Explained: How 25% Tariffs on Auto Imports Affect Indian Manufacturers?
US President Donald Trump announced a 25% tariff on imported cars and parts from April 3, 2025 and it is set to impact finished cars and trucks, as well as imported parts that are assembled in the US.
Explained: How 25% Tariffs on Auto Imports Affect Indian Manufacturers?

US President Donald Trump announced a 25% tariff on imported cars and parts from April 3, 2025 and it is set to impact finished cars and trucks, as well as imported parts that are assembled in the US. “According to our US Autos team, 1) the impact of these tariffs could be $3,700 (~8 per cent of ASP). With a 50 per cent pass on (4 per cent price hike), this could impact demand by 8 per cent or ~1 million vehicles (~16 million new car sales in 2024); and 2) these tariffs further Trump’s objectives to lessen reliance on China, address Chinese investments in third countries to circumvent tariffs, and incubate the redevelopment of the US manufacturing base,” an analysis report by Nomura stated.
Details about the developments
As per the recent developments, a 25% tariff would be levied on all fully-built light vehicles imported into the US from 3 April onwards. Additionally, imports of engines, transmissions and powertrain parts, electrical components are also subject to a 25% import duty no later than 3 May 2025.
What’s the exposure of Indian manufacturers in the US?
In FY24, about 23% of Jaguar Land Rover’s revenue and 26% of the total wholesale volumes came from the US. Jaguar Land Rover is the subsidiary of Tata Motors. In the nine months of FY25, JLR’s volume exposure in the US surged to 33%.
Auto parts manufacturers including Bharat Forge, Sona Comstar and Samvardhana Motherson have a significant exposure to the US market. In FY24, 25% of the consolidated revenue and 35% of the standalone revenue (28%/37% in 9MFY25) came from the US. Sona Comstar’s 40% revenue came from the US (43% in 9MFY25). Meanwhile, Samvardhana Motherson’s around 18% revenue came from the US. Samvardhana Motherson already has a manufacturing facility in the US, which could help the manufacturer to offset the potential risks.
Can US cars be impacted?
As per Nomura, the immediate impact of tariffs could lead to significant price hikes by OEMs, as they will take time to explore alternatives. This can have a negative impact on the demand as well.
It should be noted that not all the companies will be able to shift their manufacturing base to the US. Average hourly wage in India is $1.5 vs $2.5 in Mexico and $15 in the US. For shop floor workers, wages in the US are around 5x compared to that in India.

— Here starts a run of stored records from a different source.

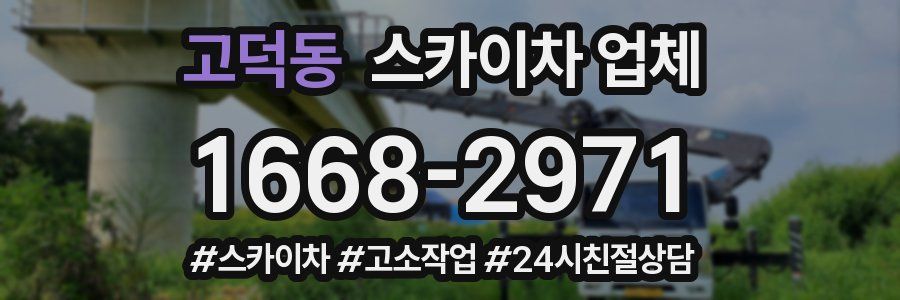 고덕동 스카이차 업체
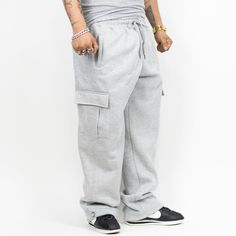 Introducing our "Blackout Edition" Sweatpant with new Black/Grey Logos! NEW BLACK/GREY LOGO Fleece Cargo Sweatpant Heavyweight Pant Relaxed Fit Manufactured by FB County Model is 5'9 and is wearing a XL Fb County, Blank Hoodies, Cargo Sweatpants, Hoodies Sweaters, Black Grey, New Black, Grey And White, Unique Pieces, Black And Grey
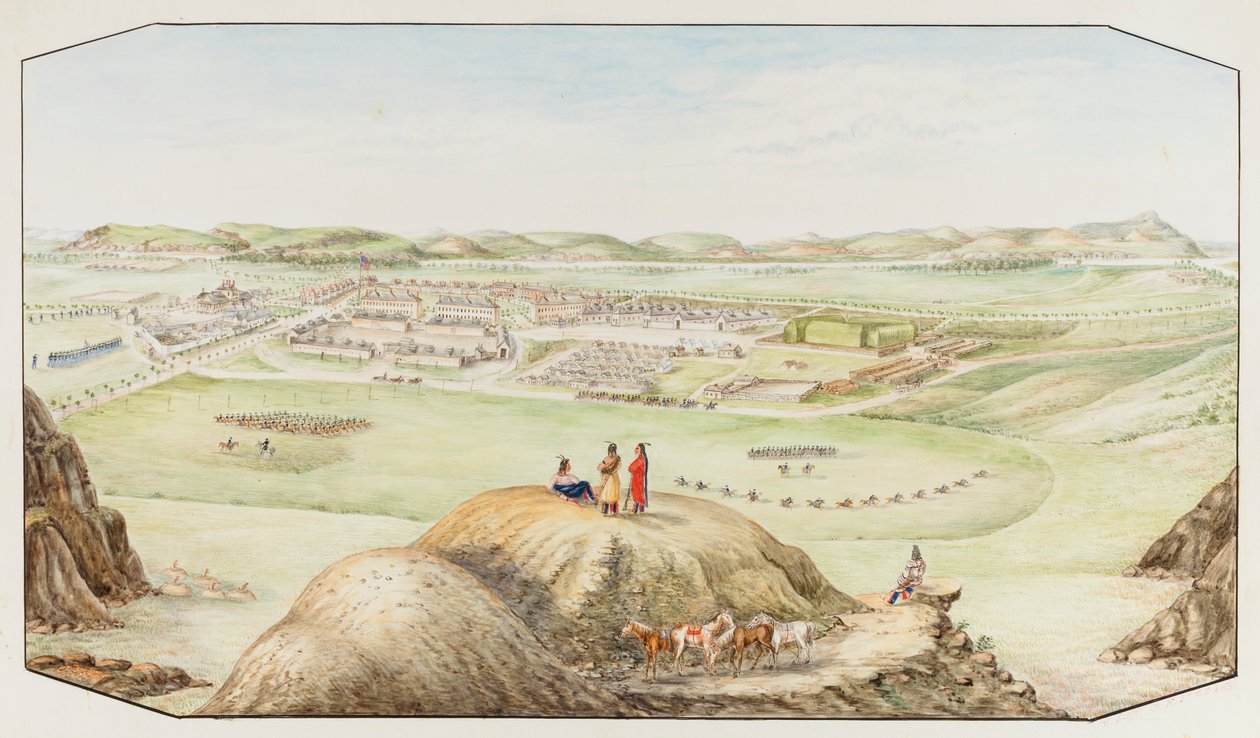Fort Keogh, Territoire du Montana - Hermann Stieffel
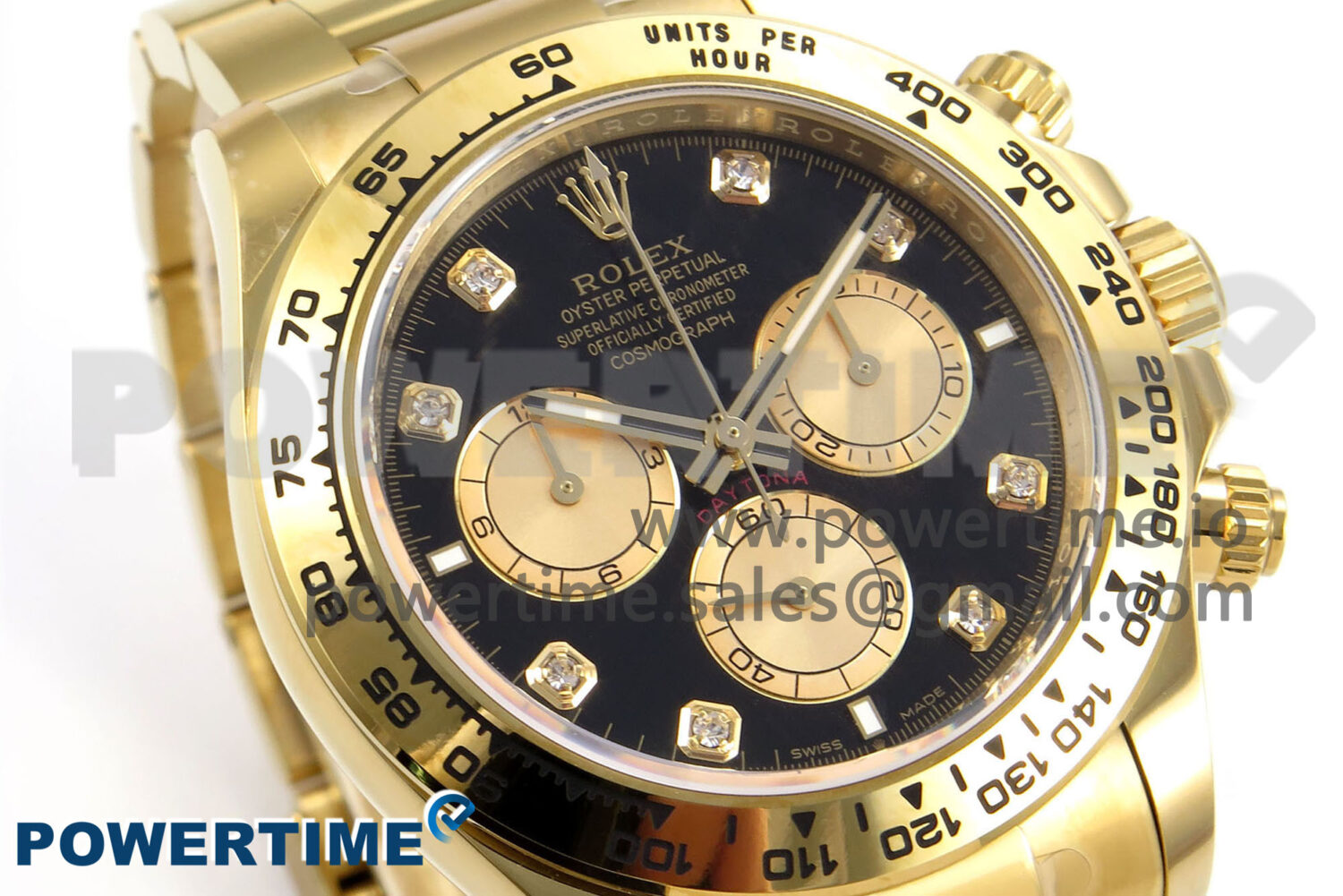 Daytona 126508 APSF 1:1 Best Edition Black/YG Diamonds Dial on YG Bracelet SH4131 - Image 2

Nomura said , “If all OEMs and suppliers plan to shift their production to the US at the same time, there may be a shortage of labour, leading to a further rise in wages. Suppliers can currently supply to US OEMs at a lower cost due to scale benefits in locations outside the US, which may not be feasible if they set up their manufacturing plants in the US itself.”
Additionally, Nomura said, “any sharp rise in tariffs across other consumer products may impact inflation, raise interest rates and affect US consumer sentiment. According to the recent news reports, US consumer sentiment has already hit a 12-year low.”